--- START ---
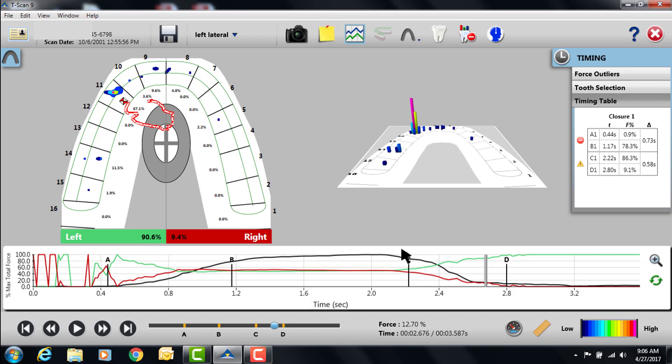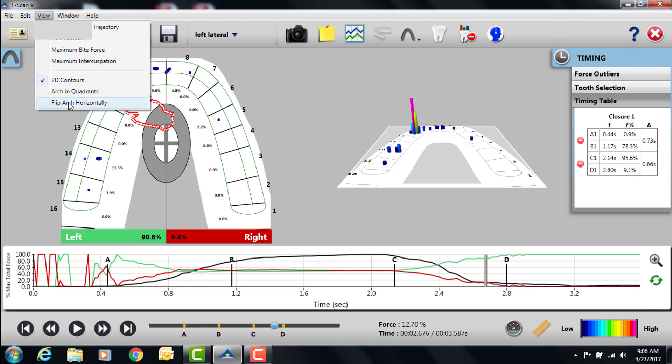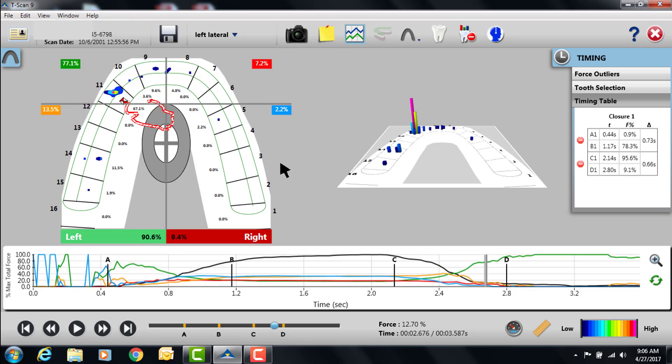Okay, so I want to talk about setting the C to D lines. Many times a computer will do a very good job of setting them, but people like to be as accurate as possible. So what we recommend is when you get an excursion, go up to View, go to Arch in Quadrants.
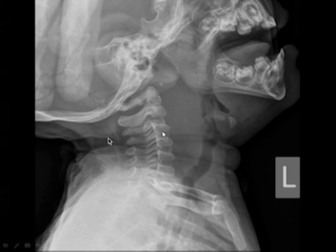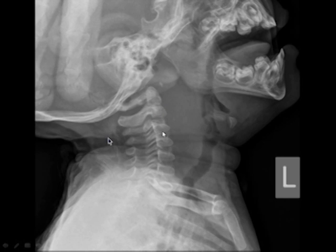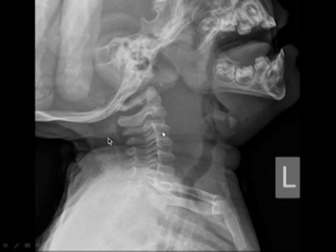Another lateral neck in a child with fever, respiratory distress, difficulty moving the neck, and pain holding the neck in a funny position. Here we also have prevertebral soft tissue widening, but that's not from expiration or neck flexion.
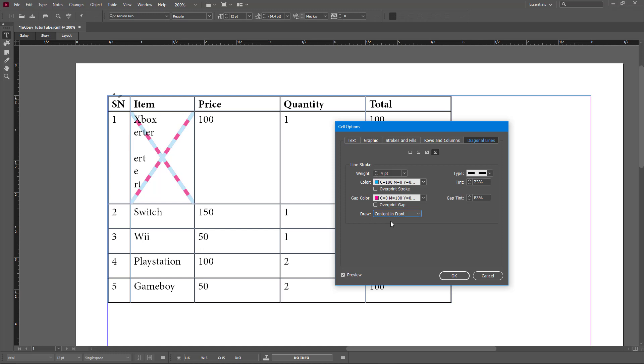That is how you work with rows, columns, and diagonal lines in cell options inside of Adobe InDesign. I hope you guys learned something. As always, please like, comment, share, and subscribe.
--- END ---
» Activity
Retype the listing above exactly. Pictures are not part of the copy.

» Answer box
Okay, so I want to talk about setting the C to D lines. Many times a computer will do a very good job of setting them, but people like to be as accurate as possible. So what we recommend is when you get an excursion, go up to View, go to Arch in Quadrants.
Another lateral neck in a child with fever, respiratory distress, difficulty moving the neck, and pain holding the neck in a funny position. Here we also have prevertebral soft tissue widening, but that's not from expiration or neck flexion.
That is how you work with rows, columns, and diagonal lines in cell options inside of Adobe InDesign. I hope you guys learned something. As always, please like, comment, share, and subscribe.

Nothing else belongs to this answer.